Tuesday, February 12, 2008
I'm a teacher's assistant for the Physics Department's Numerical Methods course. The course is taught in Matlab (with some option "bonus" material handling C or Fortran) and means to take the student from root finding to partial differential equations, visiting subjects like polynomial approximation in between. It is that latter subject which I wish to discuss today, particularly the notion of divided differences. Suppose you wish to approximate a function's form after having been given a set of pairs (xi,fi). It turns out that the following quantities are very useful in writing the coefficients of a polynomial (whose degree is commensurate with the number of points you have). DD1,2(x,f) = f2-f1/(x2-x1) with subsequent differences as DDi...j(x,f) = DDi+1...j(x,f)-DDi...j-1(x,f)/(xj-xi) Most readers with a bit of experience programming will immediately, upon being asked to calculate these numbers, lock upon the obvious recursive nature of the problem and might implement a solution like this (in Scheme - since I don't want my students lifting the code from my blog).

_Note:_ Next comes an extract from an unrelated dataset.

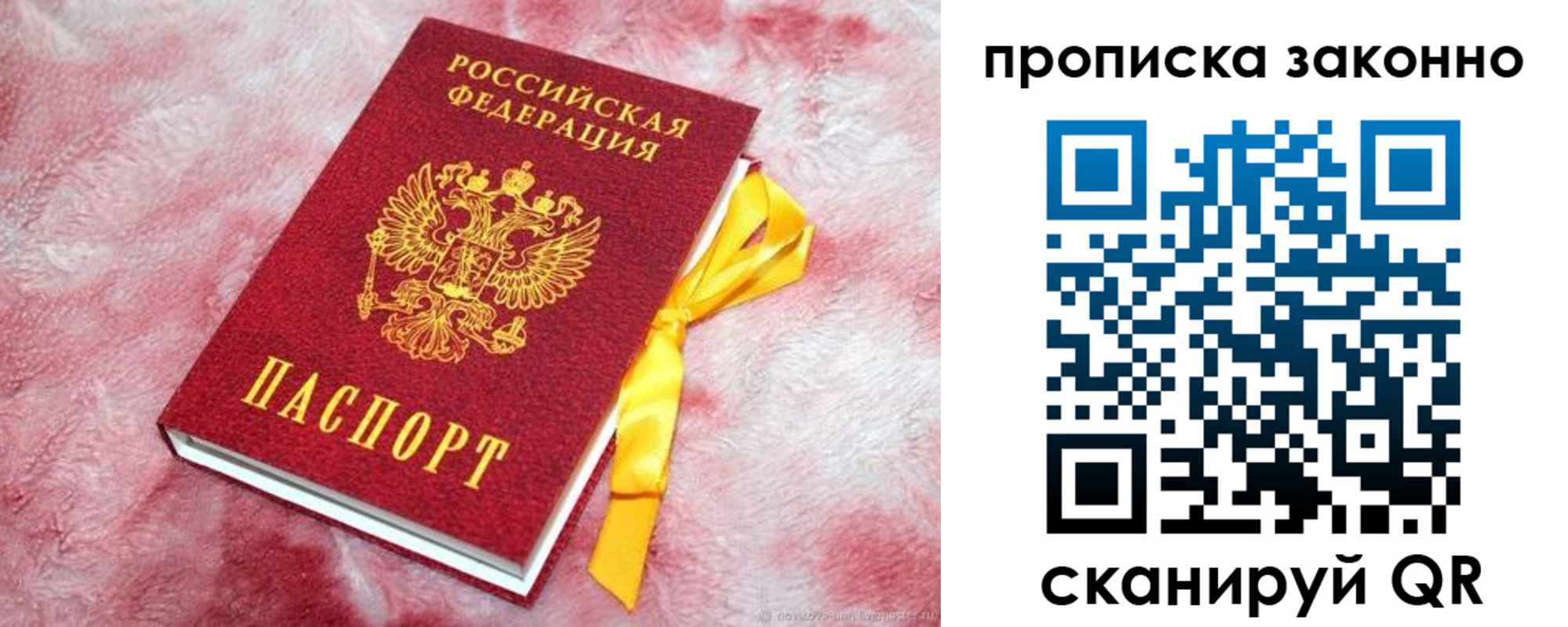 прописка 2025 в Лодейном Поле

Which seems simple enough (if you are have bothered to learn scheme at this point and can peer through the parenthesis). Notably, recursive definition is almost a transcription of the definition (which is in the book). Implementing the calculation of the divided difference directly, with a set of while and for loops, is comparatively more complex. Nevertheless, after some argument, we agreed not to attempt to instruct the students in the style of recursion. I felt that anyone who wants to claim to be familiar with programming, even somewhat superficially, should understand recursion enough to translate obviously recursive concepts into recursive code. Its true that the above code is not tail-recursive (writing a tail recursive version necessitates an increase in complexity which is beyond the scope of this entry) but for the typical use case (a few points, no more than 20 at the absolute most), the recursive solution is clear, concise and simple to debug and it offers acceptable performance for a course which has sworn off efficiency as a pedagogical goal. The reason, according to the Professor in charge, is that people do not sit down with a pen and paper to perform a calculation and proceed "recursively." And it is true, if you asked me to calculate a particular divided difference I would start at the bottom and work my way up, serially (aware of what lower differences I needed to compute higher ones). I think this accounts for the "backwards" or "inside out" feeling people have towards recursion: we think and operate with a global scope when we sit down to calculate (say, the page we work on) and we usually work up from a base case rather than down to it. Thinking recursively, in comparison, can seem like trying to build a pyramid by first placing the capstone and then filling in stones until you reach the ground. Since the course unfortunately targets non-programmers, the Professor felt it was best to emphasize techniques which in turn emphasized the computer's role as a device which simply performs for us serial commands as we would, were we to do a problem by hand. I think it might be this sort of bias which makes adopting functional programming difficult for many programmers. I see the point, but I still think we should have taught them the recursive solution. Sometimes a bit of Magical Masonry can be fun.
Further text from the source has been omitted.